Alternatively, you copy details from an existing source of Aurora type. Please note that it will create an independent copy of the selected source.
Click TEST CONNECTION to test the credentials and click CONTINUE once test succeeds.
4. Select Ingestion Mode
On this page, you will have 3 options for Ingestion mode. This will define how you want Hevo to read your data from Aurora source.
- Table: In this mode, your tables will be polled individually at a fixed frequency. You can use this mode when you are looking to fetch data from multiple tables in your database and you would like to have control over ingestion for every table individually.
- Custom SQL: If you are looking to fetch data in a different structure than how it is stored in your source tables, you can use this mode. It will allow you to write a custom query and data will be polled using that query at a fixed frequency.
- BinLog: Data will be polled using Aurora's BinLog in this mode. This mode is useful when you are looking to replicate complete database as it is. This mode is very efficient in replicating but leaves you with less control and manageability over data ingestion. A few pointers on setting up the binary logs may be found here.
Select the Ingestion Mode and hit CONTINUE.
5. Provide Job Settings
You will land on this screen if you selected Table or Custom SQL mode on the last screen.
In case of Table mode, you will be presented with the list of tables in your Aurora database. You can deselect the table that you don't want to replicate. For every table, you will have an option to provide replication mode.

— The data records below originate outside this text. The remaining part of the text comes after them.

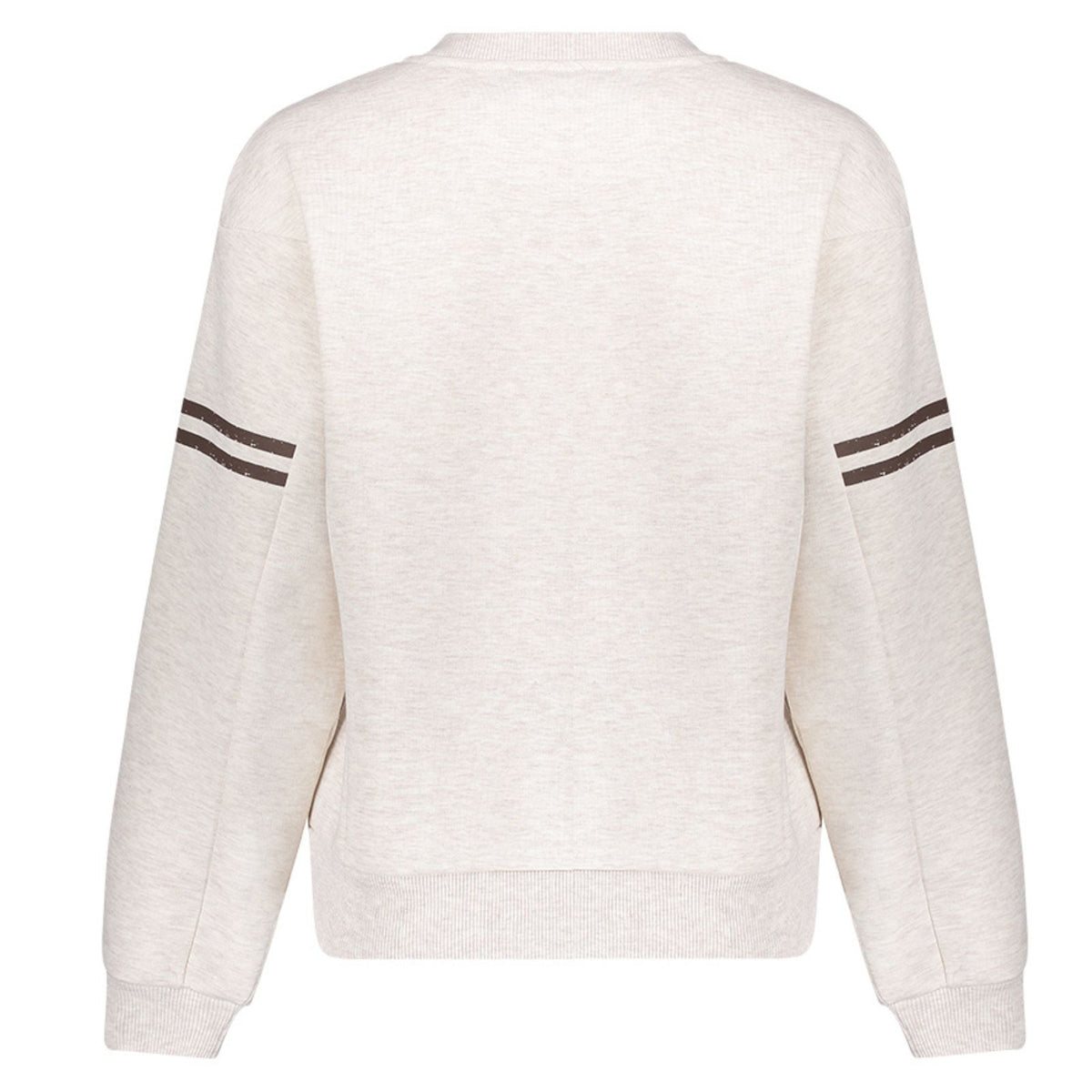 Beige melange met donkerbruine sweater Champs 62552
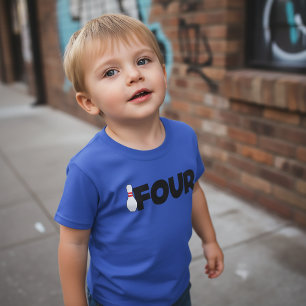 4. Bowling-Geburtstags-T-Shirt für Kinder im Alter T-Shirt
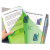 Insertable Big Tab Plastic 2-pocket Dividers, 8-tab, 11.13 X 9.25, Assorted, 1 Set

In case of Query mode, you will be presented with Query editor, where you can write the custom SQL query using which you want to load the data. Select the Replication mode after writing the query.
Replication mode defines how Hevo will read data from your tables or query in every run. You have following options for replication:
- Full Load: Complete result set from the Query or Table will be replicated at a set frequency.
- Delta - Append-only: Specify an auto-increment column (usually the Primary key). Only new results from the Query result set or Table will be replicated on the basis of specified auto-increment id.
- Delta - Timestamp: Specify update timestamp column name in 'Timestamp column' field. New or updated data from Query or Table will be replicated.
- Change Data Capture: This mode will take care of both incrementing id and update timestamp for detecting delta change in data while replicating Query or Table.
After entering the details, click CONTINUE.
6. Select the Destination
Select the Destination where you want to replicate Aurora Data or Click on NEW DESTINATION to create a new Destination. Check out How to add Destination tutorial for the detailed walkthrough on steps needed for adding new Destination.
7. Pipeline Created
Your Pipeline will be created when you enter this page and you will have an option to see Sample Data and Map Schema.
While Hevo tries to load your schemas, you can select CONTINUE IN BACKGROUND if it is taking too much time. Click on CREATE SCHEMA MAPPING to map Source and Destination Schemas, check out Introduction to Schema Mapper to learn about Schema Mapper or you can select DO IT LATER to directly head to Pipeline page. You can map schemas later on Schema Mapper page in your pipeline.
Please note that your data will not start replicating in Destination tables until you map source and Destination schemas.